… rejects DisCos’ technical excuses for paid-for but uninstalled meters
… reveals more than 350,000 pre-paid meters not migrated new STS standard
Oredola Adeola
The Nigerian Electricity Regulatory Commission (NERC) has issued a stern warning to all eleven DisCos over poor MAP refund compliance, a backlog of paid-for but uninstalled meters, and the failure to migrate more than 350,000 meters to the new STS standard.
The Commission has therefore threatened sanctions that may include deductions from their Operational Expenditure (OPEX).
This was part of the major highlights of the 4th NESI Stakeholders Meeting held in Abuja on Tuesday.
Dr.

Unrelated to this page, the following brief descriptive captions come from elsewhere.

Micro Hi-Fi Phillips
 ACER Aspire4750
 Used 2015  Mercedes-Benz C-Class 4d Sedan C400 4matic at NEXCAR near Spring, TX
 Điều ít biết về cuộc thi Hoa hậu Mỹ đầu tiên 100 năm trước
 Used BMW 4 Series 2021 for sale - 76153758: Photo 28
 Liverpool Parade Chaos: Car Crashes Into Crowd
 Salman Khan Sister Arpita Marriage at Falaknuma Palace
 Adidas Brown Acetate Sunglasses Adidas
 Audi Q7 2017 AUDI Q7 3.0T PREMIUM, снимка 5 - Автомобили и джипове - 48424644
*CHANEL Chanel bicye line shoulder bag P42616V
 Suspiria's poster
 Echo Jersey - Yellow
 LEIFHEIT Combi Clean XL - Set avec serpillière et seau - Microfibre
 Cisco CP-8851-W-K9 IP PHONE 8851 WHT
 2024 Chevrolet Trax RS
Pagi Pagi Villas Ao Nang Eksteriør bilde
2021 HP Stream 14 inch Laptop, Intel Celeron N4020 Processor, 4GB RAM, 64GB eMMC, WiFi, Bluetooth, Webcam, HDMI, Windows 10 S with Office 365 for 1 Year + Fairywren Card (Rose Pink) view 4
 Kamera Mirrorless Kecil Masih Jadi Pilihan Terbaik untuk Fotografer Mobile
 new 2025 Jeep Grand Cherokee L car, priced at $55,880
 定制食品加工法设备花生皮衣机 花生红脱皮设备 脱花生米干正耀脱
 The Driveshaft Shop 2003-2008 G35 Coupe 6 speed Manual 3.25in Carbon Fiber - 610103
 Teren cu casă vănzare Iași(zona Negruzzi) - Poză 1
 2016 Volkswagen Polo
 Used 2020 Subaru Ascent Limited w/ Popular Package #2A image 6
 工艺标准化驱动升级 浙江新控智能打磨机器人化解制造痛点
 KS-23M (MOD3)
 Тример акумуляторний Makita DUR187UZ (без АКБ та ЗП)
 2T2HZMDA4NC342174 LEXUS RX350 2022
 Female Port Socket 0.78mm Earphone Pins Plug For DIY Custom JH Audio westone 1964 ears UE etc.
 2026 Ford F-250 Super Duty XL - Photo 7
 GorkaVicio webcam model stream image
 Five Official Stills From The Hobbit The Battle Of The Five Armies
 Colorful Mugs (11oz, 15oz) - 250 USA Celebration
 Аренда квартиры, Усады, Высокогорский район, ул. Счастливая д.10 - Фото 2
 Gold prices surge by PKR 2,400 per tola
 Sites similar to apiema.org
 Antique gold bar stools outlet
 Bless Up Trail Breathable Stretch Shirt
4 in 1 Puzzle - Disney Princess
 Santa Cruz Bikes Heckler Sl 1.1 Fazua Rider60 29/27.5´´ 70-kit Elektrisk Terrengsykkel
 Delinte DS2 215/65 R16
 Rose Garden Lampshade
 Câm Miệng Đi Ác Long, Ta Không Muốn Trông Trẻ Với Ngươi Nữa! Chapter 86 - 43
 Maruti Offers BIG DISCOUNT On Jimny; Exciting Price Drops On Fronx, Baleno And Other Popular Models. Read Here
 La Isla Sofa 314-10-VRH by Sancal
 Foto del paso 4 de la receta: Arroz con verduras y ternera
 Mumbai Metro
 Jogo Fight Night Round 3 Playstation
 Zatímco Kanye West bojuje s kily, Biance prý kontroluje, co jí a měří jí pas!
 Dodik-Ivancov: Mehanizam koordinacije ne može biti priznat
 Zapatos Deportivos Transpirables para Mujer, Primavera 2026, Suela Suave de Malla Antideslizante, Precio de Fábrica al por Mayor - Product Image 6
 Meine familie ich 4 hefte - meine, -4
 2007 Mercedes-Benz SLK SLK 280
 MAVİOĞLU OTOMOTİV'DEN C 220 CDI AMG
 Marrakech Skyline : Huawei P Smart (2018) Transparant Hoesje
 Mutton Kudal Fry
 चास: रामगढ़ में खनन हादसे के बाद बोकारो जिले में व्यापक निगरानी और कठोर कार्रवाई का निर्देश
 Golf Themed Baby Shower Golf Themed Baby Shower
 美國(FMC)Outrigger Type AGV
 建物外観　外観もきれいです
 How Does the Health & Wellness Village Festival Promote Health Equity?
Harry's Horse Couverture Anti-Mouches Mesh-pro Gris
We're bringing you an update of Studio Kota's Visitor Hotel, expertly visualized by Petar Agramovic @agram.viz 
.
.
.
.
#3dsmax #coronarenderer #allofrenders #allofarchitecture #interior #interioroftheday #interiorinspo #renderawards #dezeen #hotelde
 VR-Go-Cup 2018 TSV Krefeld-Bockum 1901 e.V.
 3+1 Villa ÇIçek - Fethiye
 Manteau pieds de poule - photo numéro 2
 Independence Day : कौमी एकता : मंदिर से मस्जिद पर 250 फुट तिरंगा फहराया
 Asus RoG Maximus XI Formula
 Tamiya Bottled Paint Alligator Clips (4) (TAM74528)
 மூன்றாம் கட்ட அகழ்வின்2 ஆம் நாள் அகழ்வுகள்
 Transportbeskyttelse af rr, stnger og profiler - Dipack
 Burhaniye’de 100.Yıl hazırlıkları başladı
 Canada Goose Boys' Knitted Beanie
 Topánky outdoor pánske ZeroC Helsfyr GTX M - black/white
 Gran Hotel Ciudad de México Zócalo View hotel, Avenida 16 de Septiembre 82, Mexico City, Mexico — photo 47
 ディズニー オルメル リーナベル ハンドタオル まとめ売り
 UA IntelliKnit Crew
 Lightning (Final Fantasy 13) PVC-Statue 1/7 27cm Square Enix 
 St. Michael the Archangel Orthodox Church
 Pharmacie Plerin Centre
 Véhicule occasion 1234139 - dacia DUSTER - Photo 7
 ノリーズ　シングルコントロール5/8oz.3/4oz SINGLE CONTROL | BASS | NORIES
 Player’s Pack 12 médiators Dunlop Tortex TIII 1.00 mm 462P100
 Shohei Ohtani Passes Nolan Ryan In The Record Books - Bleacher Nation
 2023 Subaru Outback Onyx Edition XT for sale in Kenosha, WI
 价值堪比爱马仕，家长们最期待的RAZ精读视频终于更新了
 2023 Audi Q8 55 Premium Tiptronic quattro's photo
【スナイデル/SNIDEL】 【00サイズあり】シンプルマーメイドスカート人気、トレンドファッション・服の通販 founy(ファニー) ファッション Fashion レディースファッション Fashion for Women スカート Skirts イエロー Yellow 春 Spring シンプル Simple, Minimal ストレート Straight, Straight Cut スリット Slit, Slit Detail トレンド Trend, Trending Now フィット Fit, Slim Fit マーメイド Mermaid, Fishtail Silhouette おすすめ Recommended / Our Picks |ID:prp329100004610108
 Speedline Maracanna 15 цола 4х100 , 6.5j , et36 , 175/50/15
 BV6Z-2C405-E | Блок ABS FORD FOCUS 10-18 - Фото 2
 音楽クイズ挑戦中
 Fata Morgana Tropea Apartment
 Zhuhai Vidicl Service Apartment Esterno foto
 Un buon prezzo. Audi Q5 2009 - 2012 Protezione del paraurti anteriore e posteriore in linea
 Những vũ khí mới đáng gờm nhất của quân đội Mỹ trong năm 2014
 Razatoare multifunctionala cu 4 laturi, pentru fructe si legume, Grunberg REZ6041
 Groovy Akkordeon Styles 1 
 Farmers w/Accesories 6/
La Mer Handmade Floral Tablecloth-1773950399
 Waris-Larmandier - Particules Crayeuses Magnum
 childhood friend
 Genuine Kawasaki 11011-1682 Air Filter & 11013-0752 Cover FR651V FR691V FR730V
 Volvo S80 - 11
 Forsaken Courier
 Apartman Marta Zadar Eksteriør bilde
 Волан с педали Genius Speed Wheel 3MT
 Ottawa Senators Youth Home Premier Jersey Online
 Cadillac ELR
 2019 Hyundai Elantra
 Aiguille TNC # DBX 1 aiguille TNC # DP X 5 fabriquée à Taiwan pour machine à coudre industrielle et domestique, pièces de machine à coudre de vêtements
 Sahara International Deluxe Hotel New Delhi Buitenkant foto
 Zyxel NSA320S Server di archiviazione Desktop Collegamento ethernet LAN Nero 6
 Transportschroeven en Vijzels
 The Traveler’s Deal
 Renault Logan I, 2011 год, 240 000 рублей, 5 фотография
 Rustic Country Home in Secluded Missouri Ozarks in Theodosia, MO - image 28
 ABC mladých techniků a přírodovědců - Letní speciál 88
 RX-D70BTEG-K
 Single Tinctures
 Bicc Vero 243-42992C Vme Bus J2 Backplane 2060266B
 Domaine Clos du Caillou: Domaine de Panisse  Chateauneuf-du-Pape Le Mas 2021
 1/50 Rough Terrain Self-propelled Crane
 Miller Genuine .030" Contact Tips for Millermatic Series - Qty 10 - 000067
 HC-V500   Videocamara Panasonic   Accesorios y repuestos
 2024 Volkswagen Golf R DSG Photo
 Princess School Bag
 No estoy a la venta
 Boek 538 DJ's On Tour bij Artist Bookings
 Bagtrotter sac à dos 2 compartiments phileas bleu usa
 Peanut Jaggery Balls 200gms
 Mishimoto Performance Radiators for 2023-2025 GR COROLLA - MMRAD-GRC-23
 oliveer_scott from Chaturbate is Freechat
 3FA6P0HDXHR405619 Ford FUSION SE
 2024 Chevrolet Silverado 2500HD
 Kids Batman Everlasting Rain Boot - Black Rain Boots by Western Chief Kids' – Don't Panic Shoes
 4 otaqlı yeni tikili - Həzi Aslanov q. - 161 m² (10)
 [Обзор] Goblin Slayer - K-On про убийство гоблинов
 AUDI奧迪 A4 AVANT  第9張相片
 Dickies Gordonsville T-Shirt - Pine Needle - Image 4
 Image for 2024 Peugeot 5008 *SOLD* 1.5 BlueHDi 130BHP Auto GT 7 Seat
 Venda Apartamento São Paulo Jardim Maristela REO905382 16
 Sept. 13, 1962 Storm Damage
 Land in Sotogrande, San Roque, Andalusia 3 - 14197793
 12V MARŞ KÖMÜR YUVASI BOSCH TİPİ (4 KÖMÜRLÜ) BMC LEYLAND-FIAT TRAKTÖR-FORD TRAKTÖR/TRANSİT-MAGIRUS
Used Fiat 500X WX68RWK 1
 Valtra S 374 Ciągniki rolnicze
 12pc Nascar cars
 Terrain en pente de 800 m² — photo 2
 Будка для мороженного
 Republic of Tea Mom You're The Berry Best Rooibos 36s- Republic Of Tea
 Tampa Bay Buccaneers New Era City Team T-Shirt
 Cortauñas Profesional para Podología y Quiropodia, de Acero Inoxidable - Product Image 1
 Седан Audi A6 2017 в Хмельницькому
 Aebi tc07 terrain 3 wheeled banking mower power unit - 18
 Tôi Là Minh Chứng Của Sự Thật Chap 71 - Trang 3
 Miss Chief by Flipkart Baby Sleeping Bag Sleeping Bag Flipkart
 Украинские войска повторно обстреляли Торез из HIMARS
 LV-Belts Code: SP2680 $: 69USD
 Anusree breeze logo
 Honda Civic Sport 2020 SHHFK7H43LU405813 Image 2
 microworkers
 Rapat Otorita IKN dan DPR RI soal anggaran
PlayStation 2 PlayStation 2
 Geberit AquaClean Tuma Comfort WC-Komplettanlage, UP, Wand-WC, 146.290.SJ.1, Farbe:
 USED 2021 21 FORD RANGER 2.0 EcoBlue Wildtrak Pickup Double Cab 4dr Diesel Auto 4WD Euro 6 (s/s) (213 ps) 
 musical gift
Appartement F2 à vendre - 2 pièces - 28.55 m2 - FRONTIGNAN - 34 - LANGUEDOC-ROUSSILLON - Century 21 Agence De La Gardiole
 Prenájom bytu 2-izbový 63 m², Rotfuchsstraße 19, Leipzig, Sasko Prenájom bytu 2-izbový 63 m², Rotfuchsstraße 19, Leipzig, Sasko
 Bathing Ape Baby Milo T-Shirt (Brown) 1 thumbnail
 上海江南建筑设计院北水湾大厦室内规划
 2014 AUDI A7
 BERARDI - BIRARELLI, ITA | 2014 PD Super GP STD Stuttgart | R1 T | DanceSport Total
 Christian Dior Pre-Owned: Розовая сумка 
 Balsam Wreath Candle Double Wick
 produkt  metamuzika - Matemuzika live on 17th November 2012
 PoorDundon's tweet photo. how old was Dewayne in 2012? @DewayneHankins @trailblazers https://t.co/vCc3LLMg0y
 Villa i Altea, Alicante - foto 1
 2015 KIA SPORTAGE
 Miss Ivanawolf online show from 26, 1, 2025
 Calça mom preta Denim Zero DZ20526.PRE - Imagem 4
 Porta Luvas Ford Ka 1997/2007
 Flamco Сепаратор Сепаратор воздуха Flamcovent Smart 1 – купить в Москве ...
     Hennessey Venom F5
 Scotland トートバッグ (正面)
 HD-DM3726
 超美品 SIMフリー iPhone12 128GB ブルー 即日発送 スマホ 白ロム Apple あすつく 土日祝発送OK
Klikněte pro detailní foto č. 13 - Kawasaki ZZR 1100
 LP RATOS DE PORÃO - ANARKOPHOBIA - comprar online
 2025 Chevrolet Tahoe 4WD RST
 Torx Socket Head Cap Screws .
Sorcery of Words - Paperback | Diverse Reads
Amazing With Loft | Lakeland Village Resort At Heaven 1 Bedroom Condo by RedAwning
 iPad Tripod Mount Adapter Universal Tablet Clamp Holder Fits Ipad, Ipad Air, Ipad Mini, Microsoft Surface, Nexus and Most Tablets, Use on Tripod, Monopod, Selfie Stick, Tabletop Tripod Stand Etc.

Musiliu Oseni, NERC Vice Chairman, addressed a report indicating that some DisCos have achieved only 2% performance on MAP meter refunds to customers and issued a stern warning regarding financial penalties: “This would be met with necessary sanctions.”
He proposed a direct enforcement mechanism utilizing the wholesale market structure, noting that DisCos still have their Operational Expenditure (OPEX) at the national wholesale market level.
According to him, if the DisCos refuse to refund their customers, that money can be withheld from their OPEX until they do so.
He also insisted that strict timelines be issued immediately to ensure compliance.
Dr. Oseni revealed that there are currently 600,000 to 700,000 meters available in the country.
He challenged utilities to improve publicity and rollout speed, emphasizing that the government has already made the investment, and DisCos need to step up.
He further issued a stern warning to DisCos regarding their cooperation with new state regulators, stressing that “No licensee is bigger than their regulator.”
Nathan Shatti, NERC Commissioner for Corporate Services, commenting on the data on Meter Asset Provider (MAP) refunds and installations, highlighted the poor performance of specific utilities, noting that Abuja and Kano DisCos have achieved only 2% compliance on refunds.
He urged the DisCos to stop behaving as if they are doing customers a favour.
Addressing the backlog of paid-for but uninstalled meters, he rejected technical excuses: “If your network is not ready for metering, do not collect people’s money.”
Shatti further noted that for every transformer or meter not installed, DisCos incur losses, making it in their interest to meter customers and fix transformer-related issues.
The NERC Commissioner for Corporate Services, also revealed that over 350,000 meters are yet to be migrated to the new STS standard, demanding an immediate cleanup of obsolete data.
Dafe Akpeneye, NERC Commissioner for Legal, Licensing, and Compliance, dismissed the excuse from DisCos that they cannot locate thousands of meters because customers moved them without authorization.
Drawing a parallel to the banking sector, he argued that just as a “Post No Debit” order forces a bank customer to visit a branch, DisCos must use their vending platforms to enforce compliance.
“If you don’t know where the meter is, the customer shouldn’t be able to vend,” he stated.
NERC Commissioner for Legal, Licensing, and Compliance has consequently issued a directive urging the DisCos to issue a public notice that they cannot identify such meters, block them from vending, and remove them from their system until the concerned customers come forward.